As for the Madurai Bench, the Justices are locked down inside the High Court compound. The video conferencing is happening from within the premises with "ready access to papers and personal assistance", as a judicial friend put it. The pendency is a problem. It is not going away like the intransigent deadly virus.

Cut to July 10, 2019. Then Chief Justice Vijaya Tahilramani had sent a similar reminder to the learned judges. She had pointed out that that the E-Courts website and NJDG (National Judicial Data Grid) are most accessed websites and as the proceedings of the cases are being uploaded in the website, the parties concerned are watching the progress of the cases. She indicated that parties were sending petitions/letters over the delay in pronouncement of orders, after reserving the cases.

Hence, she felt that it was expedient to proceed with the cases without any delay. When causes are reserved for judgments/orders, she felt that the same has to be pronounced at the earliest by keeping in mind the directions of the Supreme Court of India in Anil Rai.

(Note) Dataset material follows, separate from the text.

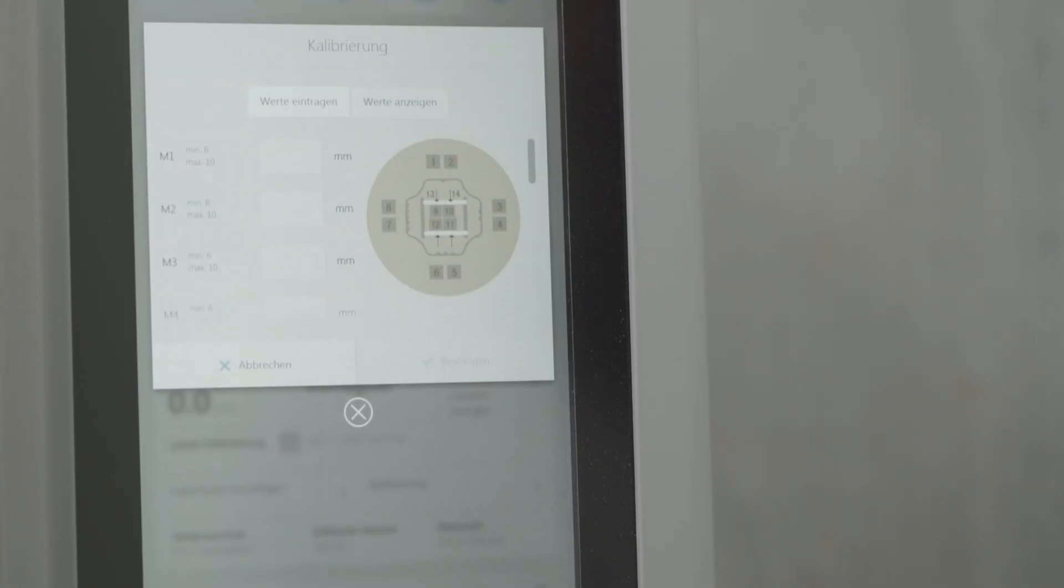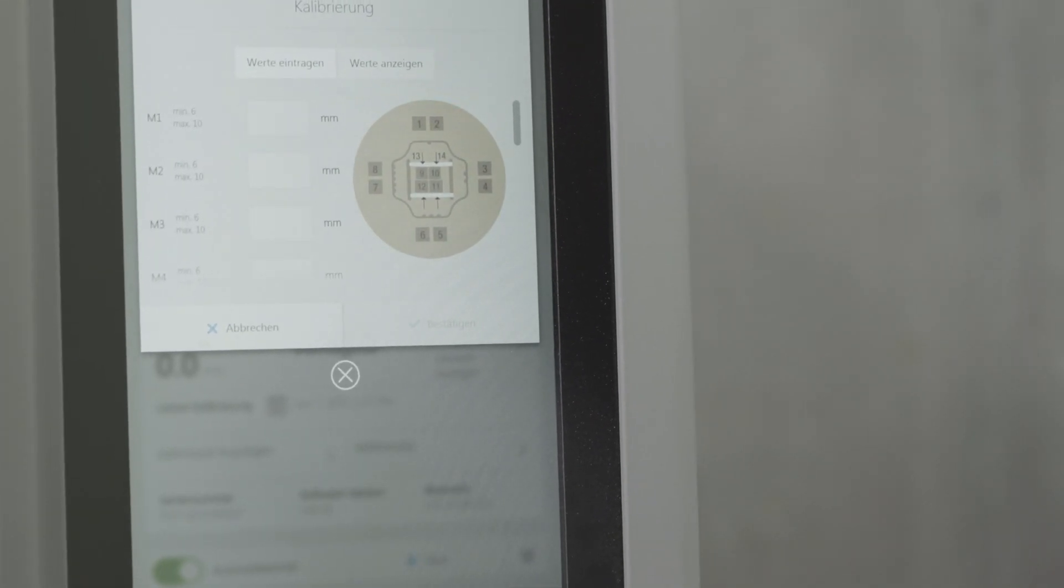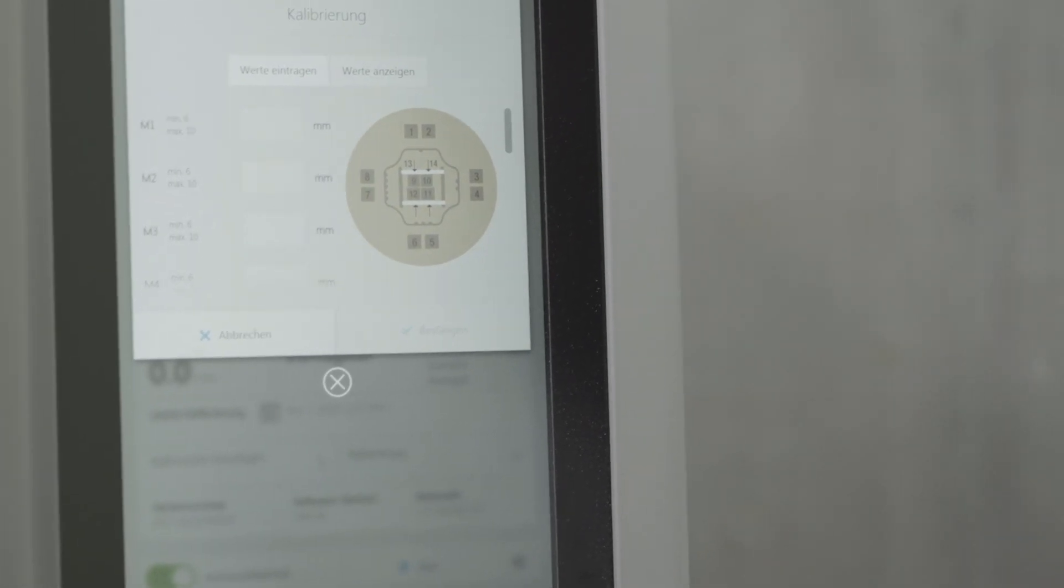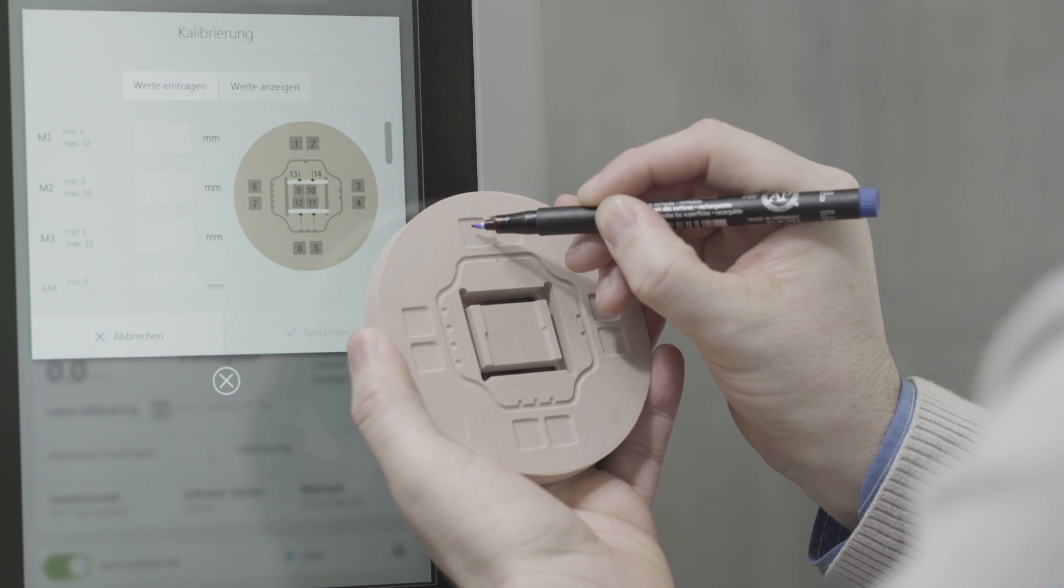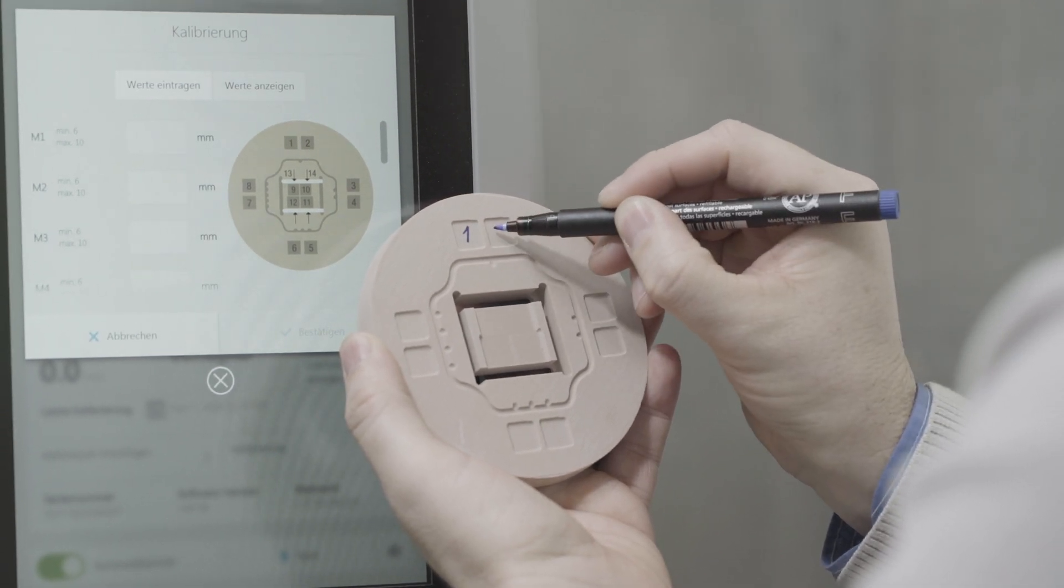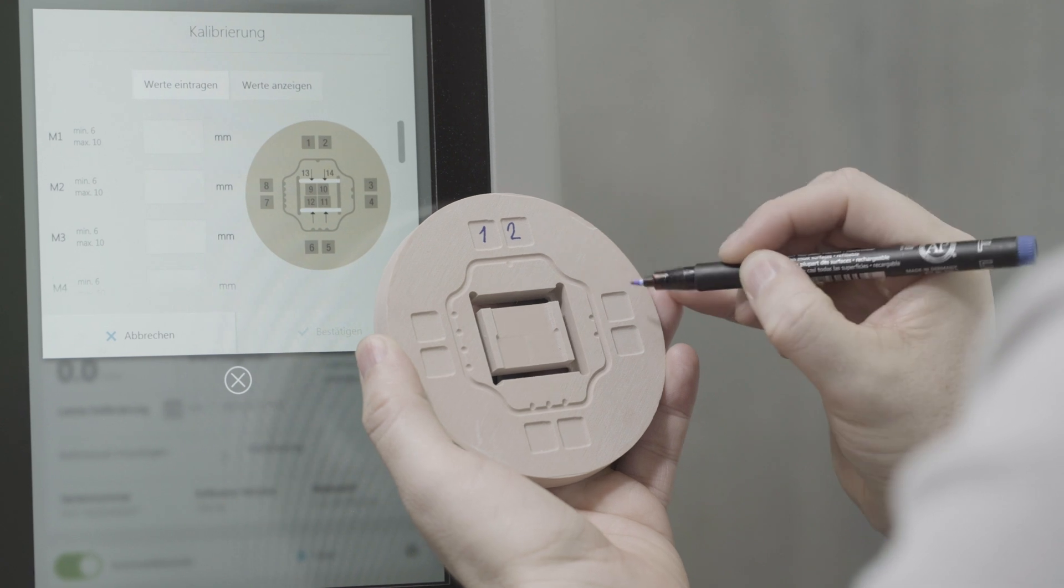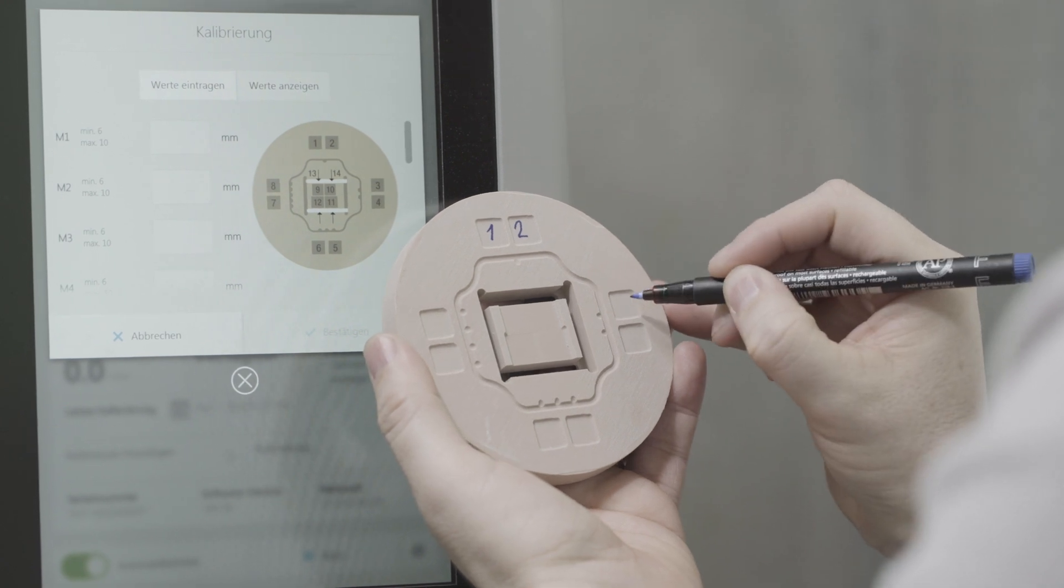Tap on Calibration in the tab Machine Information. To make it easier for you, you can mark the measuring points shown on the diagram on the test specimen blank.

There is no doubt that the job of a constitutional court judge is a thankless one. There has been an exponential explosion in the litigation numbers. The judges are inevitably overworked. The per capita number of judges has not kept pace. We also have the spectacle of the learned judges being compelled to man several committees, including canteen, car parking, etc. which dilutes the time available to them. There has been a clarion call, for very long, that it was time for our courts to have specialist Court Managers, including for case management. This time is long overdue.

As the saying goes, “Never waste a good crisis”. If all reserved judgments could come tumbling out, as if in an assembly line, justice may be done to We the People.

It may, however, not be out of place to allude to the ongoing debate among advisers to policy makers that in the face of inordinate delays and the institution’s inability to clear the backlog of reserved judgments, as to why the Centre or state should not come out with Ordinances to bring closure to at least vexed litigation, where national interest may be overwhelming.

Such a course may be the need of the hour in this virally vulnerable moment. But if that happens, it may not surely augur well for the Judiciary as an institution.

The author is a practicing advocate at the Madras High Court.